Adventures... West of Quetico
by Bryan Whitehead
This time we entered a series of small lakes, with hills and towering pines - still we kept up the pace, pausing only when a shear pin broke on the hardworking motors. Jim, one of the other fathers and a skilled carpenter by trade, had the most shear pin infractions. Fortunately he and his son were cheerful enough in making these repairs while standing in still cold spring melt water.
The next portage and rapids was reached .. and there was no magical wooden skid built. Instead one by one the fathers and older boys waded waist deep into the rushing stream and hauled and dragged the canoes up stream, over rocks, small waterfalls and fallen and trapped logs. At one point we lost one of the smaller boys to the raging current but retrieved him at the bottom of the falls, wet and shivering but cheerfully unhurt.
I decided that this canoe camping was decidedly different than backpacking!

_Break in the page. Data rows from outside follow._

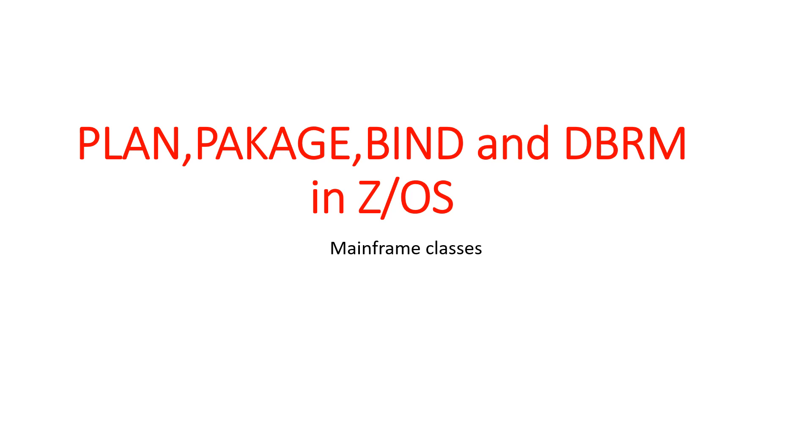Hello team, welcome to our mainframe class. Today we are going to discuss a very important concept in mainframe: plans, packages, and bind. It's very important to understand what a plan is and how it works. In this video, we'll discuss in detail and understand with diagrams. Let's start with today's topic.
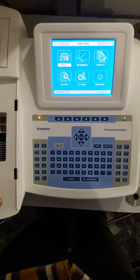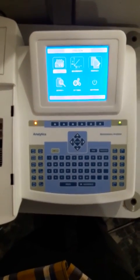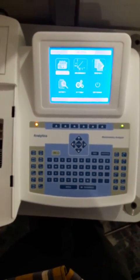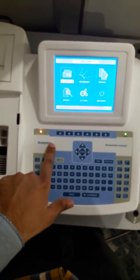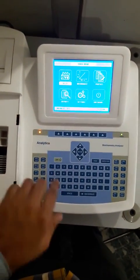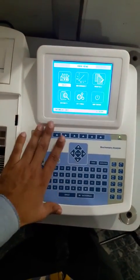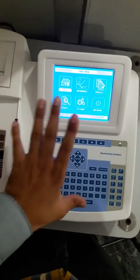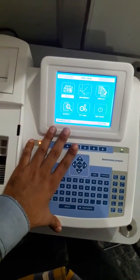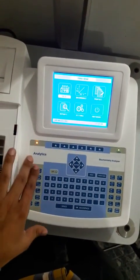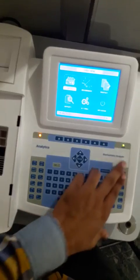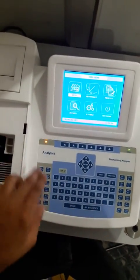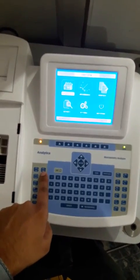Hi, good morning all. This is our semi-automatic biochemistry analyzer — the model name is Analytica. In this machine we can perform blood tests. We have 48 shortcut keys given on both sides, and one key is having a dual function.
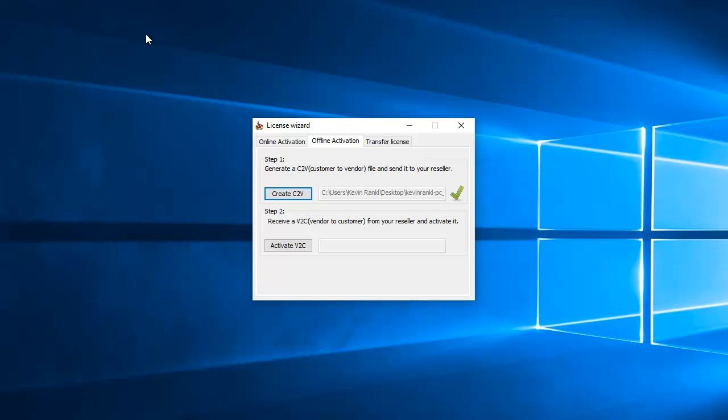And then what you want to do is send that file over to the SolidCam applications engineer that you were working with. And what he'll do is he'll get a vendor to customer file, which is going to be this one down here. We'll cover that one in a different video to get your offline activation going.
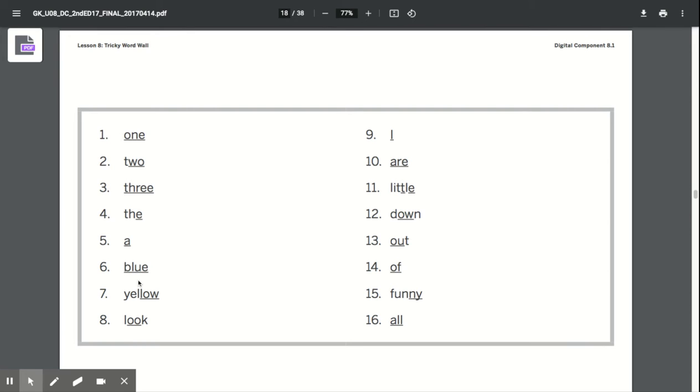Blue, B-L-U-E spells blue. Yellow, Y-E-L-L-O-W spells yellow. Look, L-O-O-K spells look. I, I spells I.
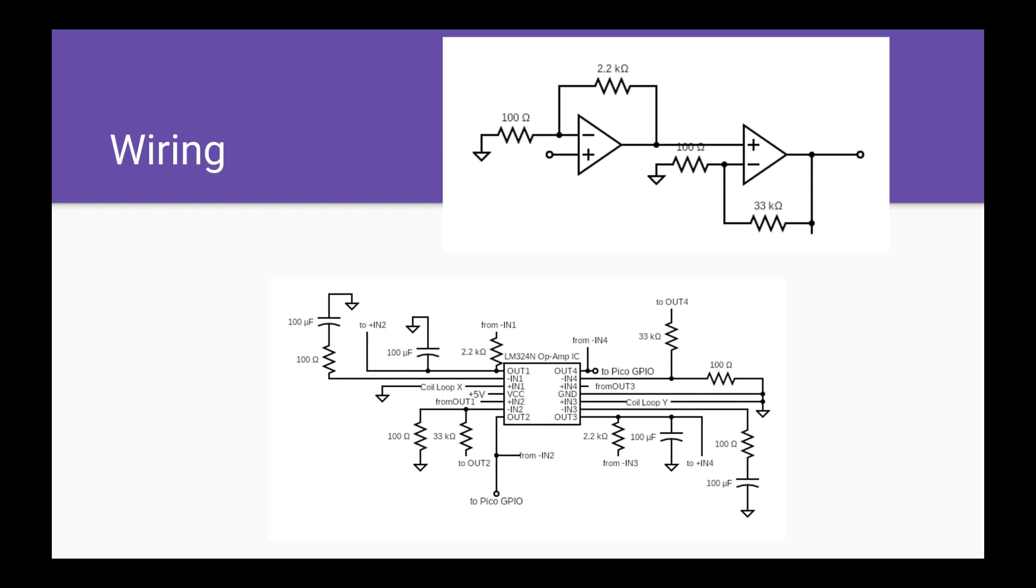100 microfarad capacitors are placed throughout the design on the output of the first operational amplifier and the input of the second operational amplifier. These capacitors elongate our signal times from approximately 5 milliseconds to the order of 1.5 seconds approximately.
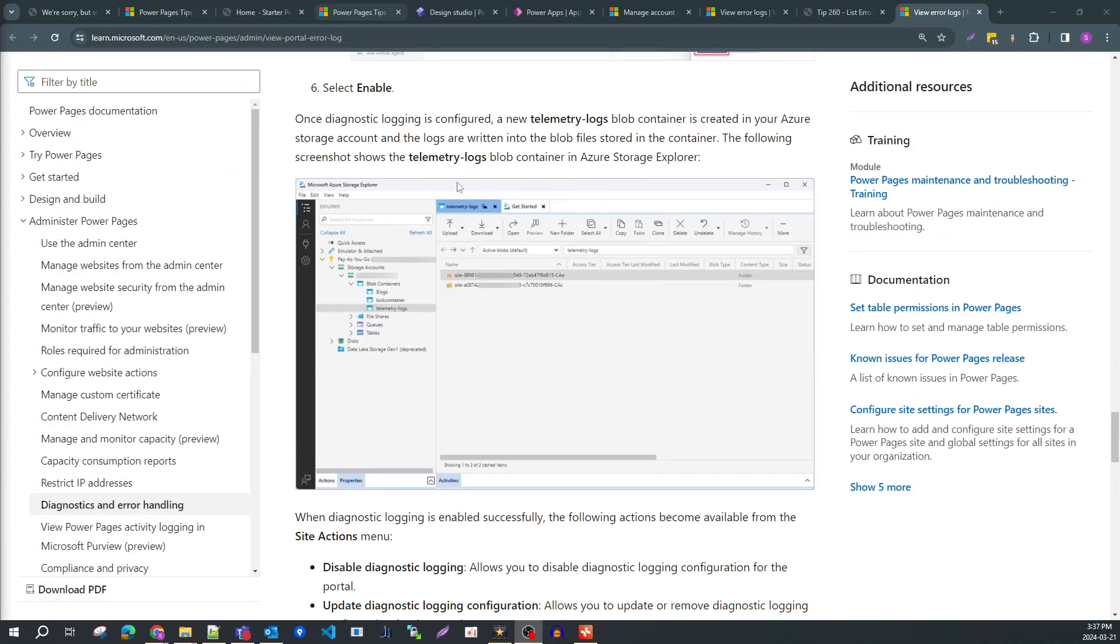Hopefully the logs will give you enough details to figure out your issues and avoid a support ticket with Microsoft. For those working with multiple clients, it's helpful to know that the Azure Blob Storage account does not need to be in the same tenant as the Power Pages site.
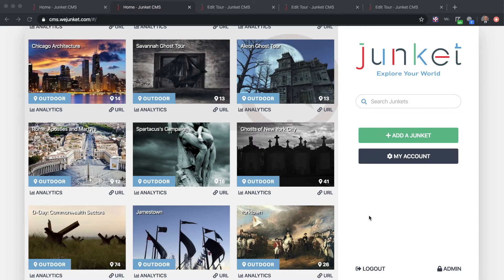First things first, you need to sign up and create an account. Once you create an account, the first thing you're going to want to do is create your own Junket. All this information here — these are all the Junkets that I have in my account.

Finally we reached Lake Kishkatina and set up base camp on a medium sized island. First we engineered a huge blue tarp roof. Old and aged plastic sheeting had previously been stretched horizontally between trees to block the gusting North winds. Generations of fishermen had pounded in nails, now rusty and corroded, in exactly the right locations to hang pots and tie off lines to control our flapping blue tarp roof. The kids had been struggling to carry up the packs from the canoes - when opened these packs discharged their load of tents, sleeping bags, pads, nested pots and pans, a cast iron five burner stove with attachable legs, a 5 gallon propane tank, and full sized chain saw and food. Apple boxes and banana crates were opened to display bags of potatoes, canned food, frozen steaks in oversized Coleman coolers, two liter bottles of soda, bags of candy, fruit, dozens and dozens of eggs, bottles of oil, pancake mix, butcher shop sliced thick slabs of bacon, loves of bakery bread, butter... and this is just what I could see on the top of the boxes. I was astounded. This looked more like a rustic cruise ship than a camp! This was certainly a far cry from the stoic backpacking trips where I huddled over a small stove fixing Raman noodles for dinner carefully rationing my food!